- YOUR TASK
Having found the line containing "RACC, a Athletic" in the records below, copy that line and each later one exactly, dropping pictures.

(Stored items from a collection)
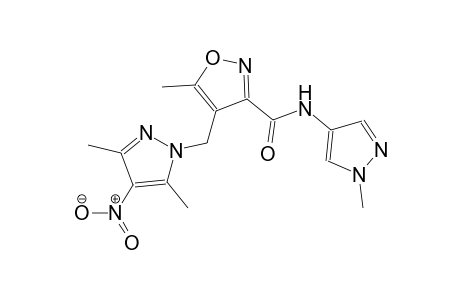 4-[(3,5-dimethyl-4-nitro-1H-pyrazol-1-yl)methyl]-5-methyl-N-(1-methyl-1H-pyrazol-4-yl)-3-isoxazolecarboxamide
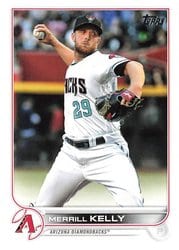 2022 Topps Base Set Merrill Kelly #74 card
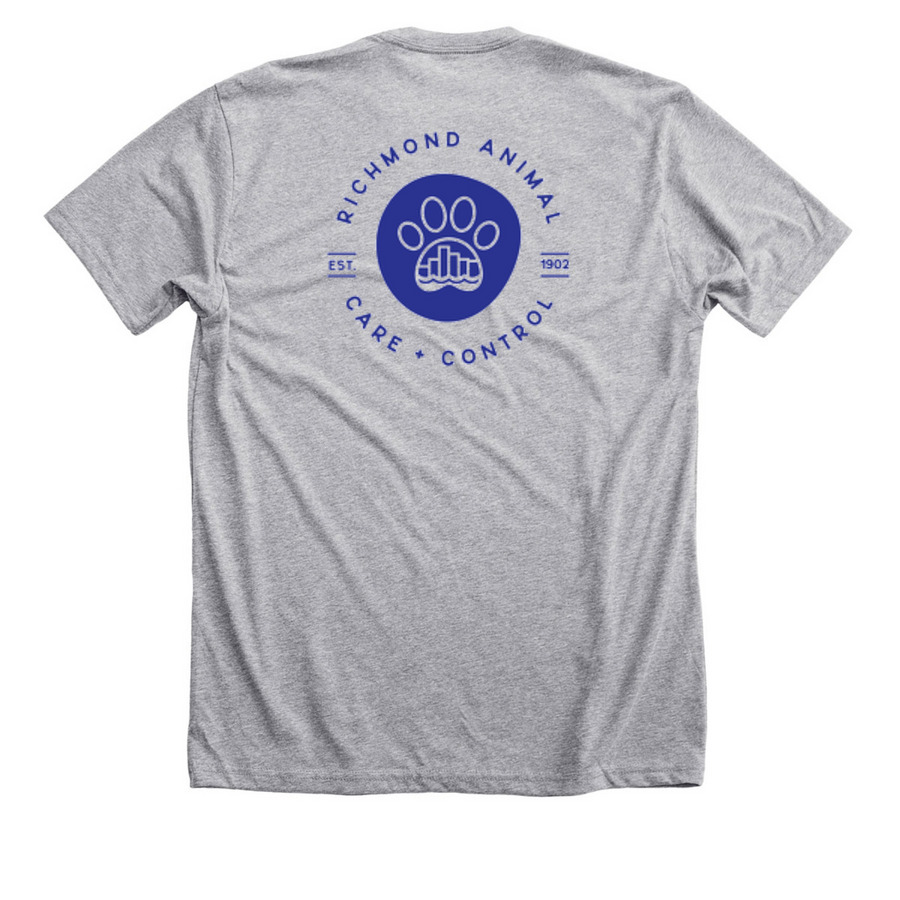 RACC, a Athletic Heather Premium Unisex Tee (back-view)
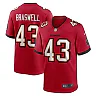 Zennovawear Men's Tampa Bay Buccaneers Chris Braswell Red Game Jersey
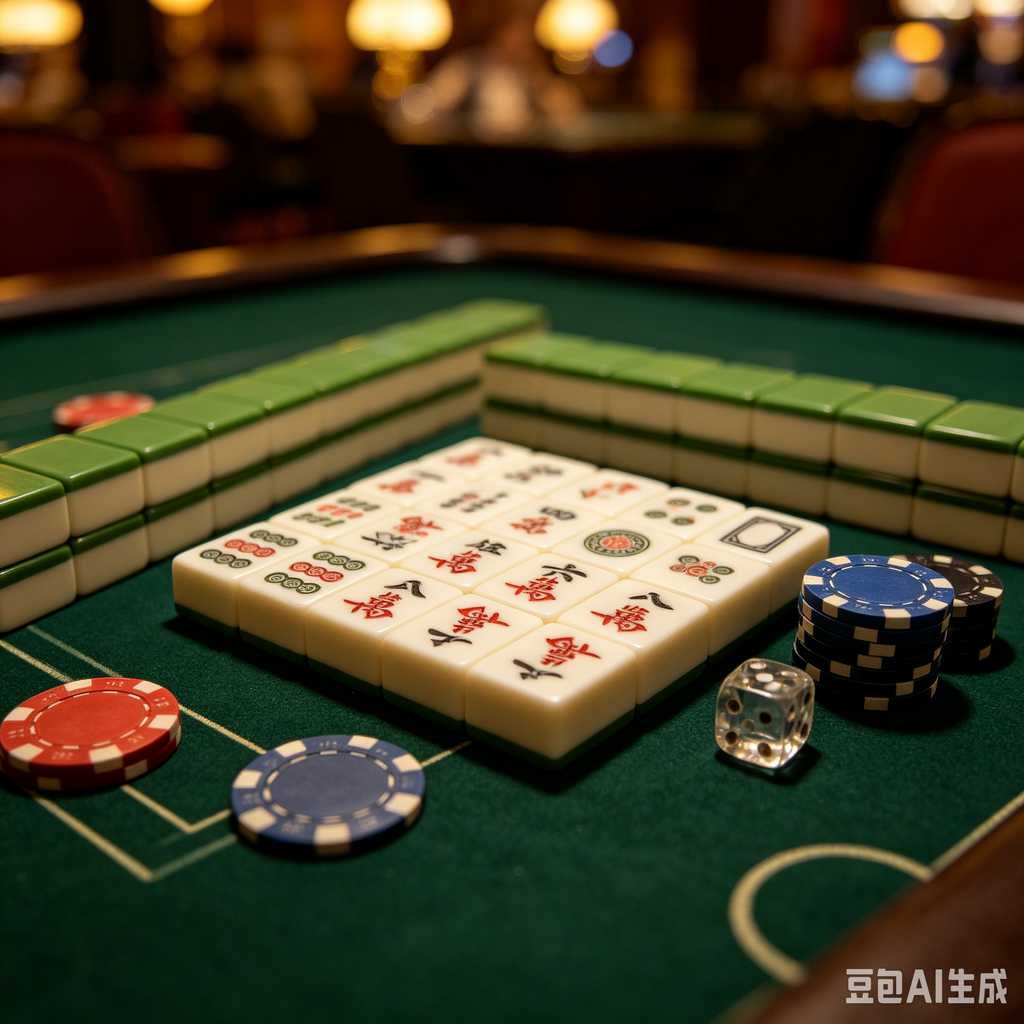 small mahjong mat portable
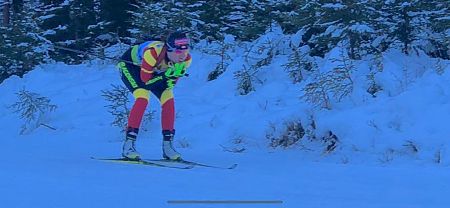 Victoria Padial durante el sprint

- SOLUTION
 RACC, a Athletic Heather Premium Unisex Tee (back-view)
 Zennovawear Men's Tampa Bay Buccaneers Chris Braswell Red Game Jersey
 small mahjong mat portable
 Victoria Padial durante el sprint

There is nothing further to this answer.